* [THE RECORDS]:
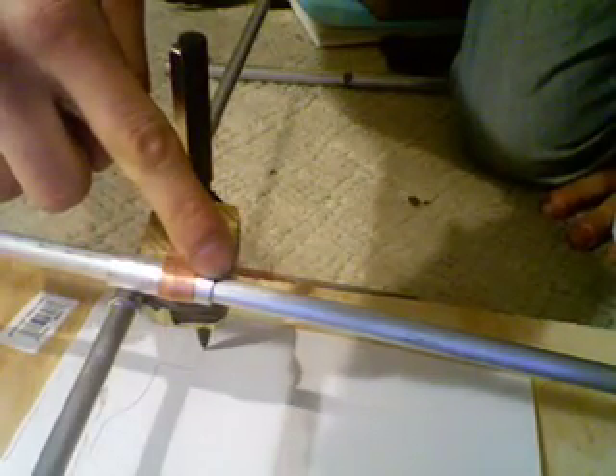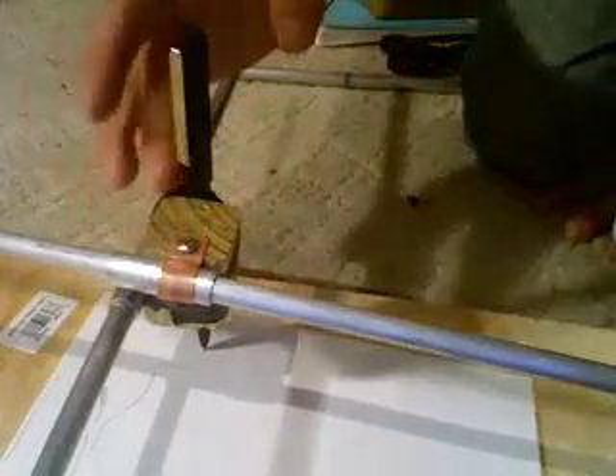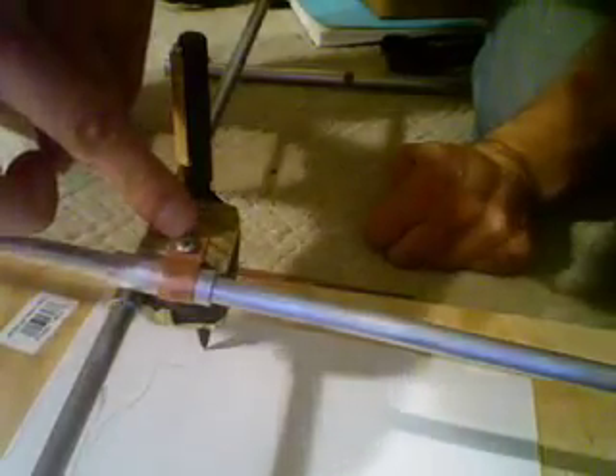Affix your pipe to your block of wood that you've cut 2 inches by 2 inches with flat edges, using your pipe attachments and screw them in. After that, you're going to want to insert your pipe and then find a way to affix it to your scanner. Once you've done that, you can attach your laser — and in the case of my current plotter, it's a pen taped to a wooden block.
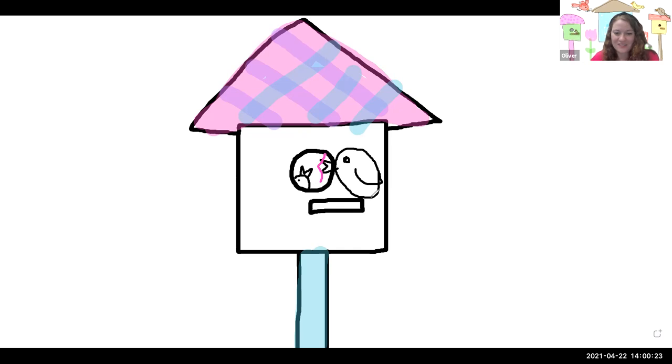Do you see how the bird still looks like a potato? Even when we add legs, it still looks a little bit potato-y. You need to add tail feathers — we're going to stretch some feathers coming from the back of the bird, and now it looks like an actual bird. You can draw your bird flying, with the wings stretched out high.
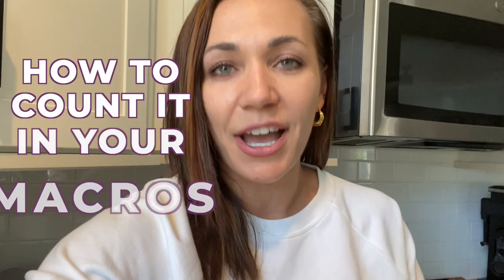When I think of pot roast, I used to think 'nope, not for me' — I never liked it growing up. Then when I started counting macros, I avoided it because chuck roast is so high in fat. But in this recipe I'm going to show you how I make it and how I count it in my macros. It's so easy, and it's one of the best chuck roast recipes you'll ever have — I guarantee it.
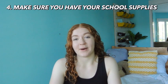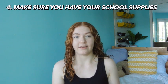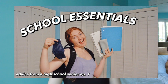The next tip is to make sure you have all of your school essentials before the first day of school. It's just so helpful so you don't have to worry about everything and you already know you bought everything off your list. Try to buy your school supplies as early as possible. Episode one of this series is actually all of my favorite school essentials and things I think are very useful, so definitely go watch that video if you have no idea what to buy.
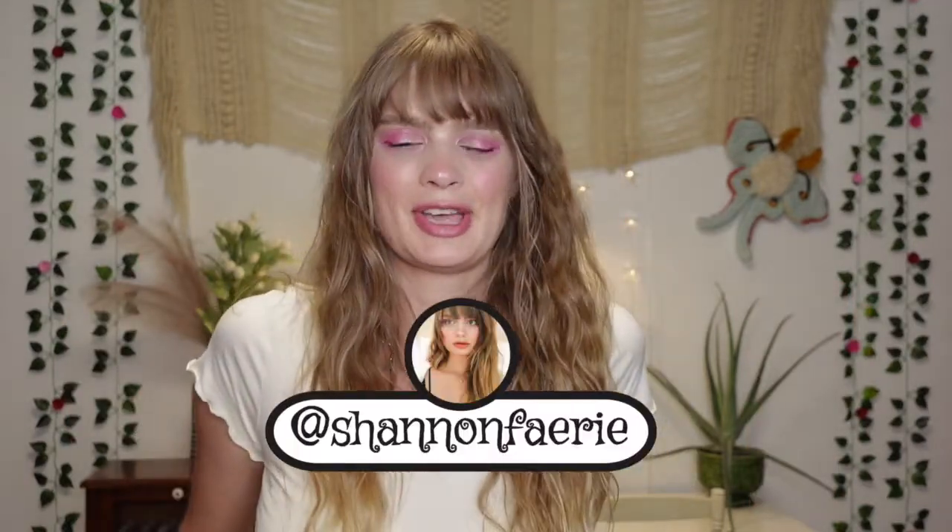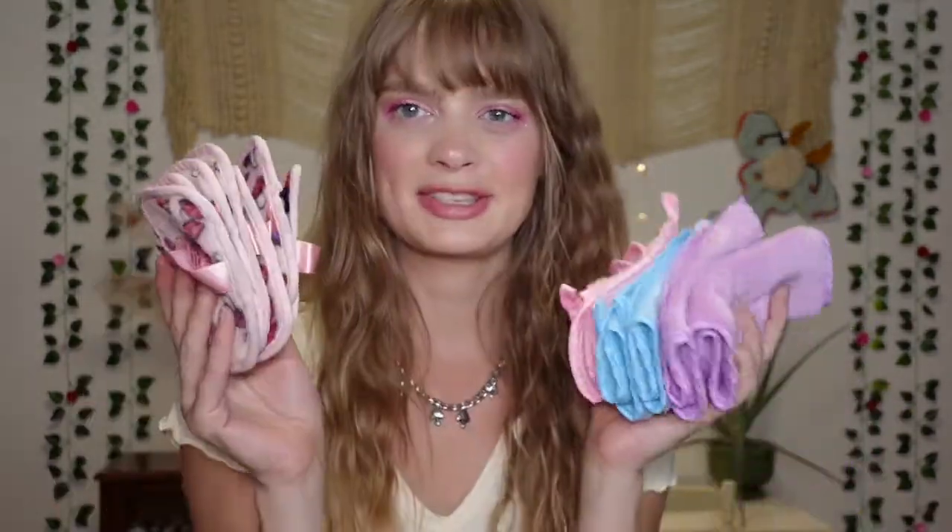Hello fairies and welcome back to my channel. It is Shannon here. Today we are going to do a really fun style of video where I am going to be comparing two types of makeup erasers.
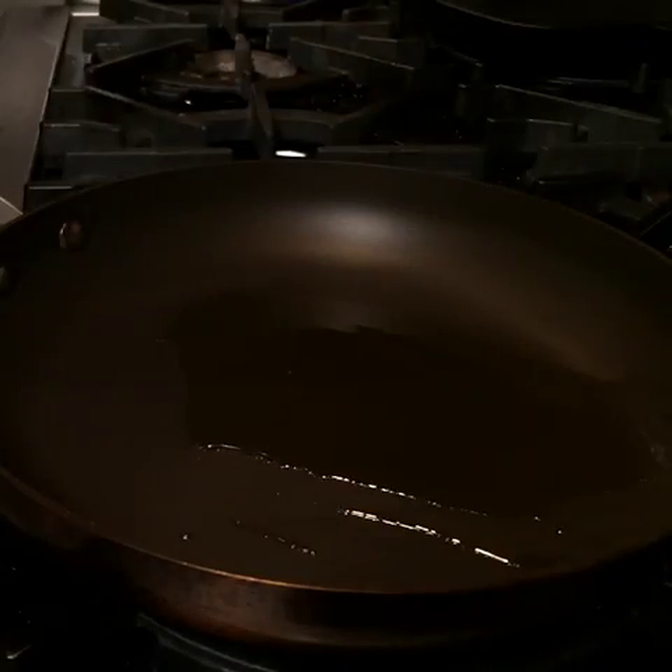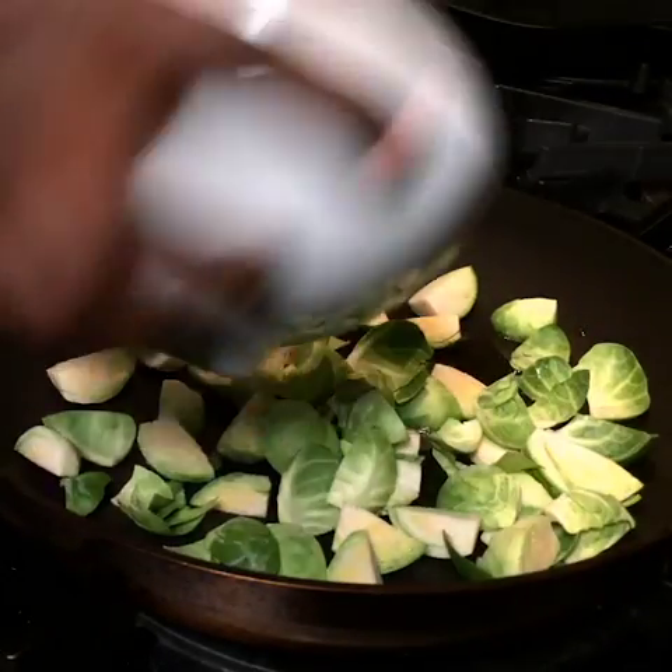How to roast Brussels sprouts. You have some oil in the pan — you don't want to crowd the pan. That's step number one.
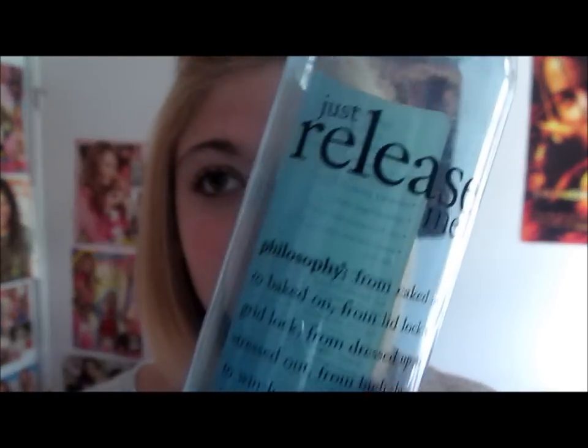Hey guys! So this is going to be my summer makeup tutorial for you guys, kind of like a little routine thing. I'm going to be showing you the products I use.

* [GOAL OF THE EXERCISE]: Leaving out the pictures, print exactly and only the lines from the one containing "How to roast" through the last line of the records.

* [YOUR RESPONSE]:
How to roast Brussels sprouts. You have some oil in the pan — you don't want to crowd the pan. That's step number one.
Hey guys! So this is going to be my summer makeup tutorial for you guys, kind of like a little routine thing. I'm going to be showing you the products I use.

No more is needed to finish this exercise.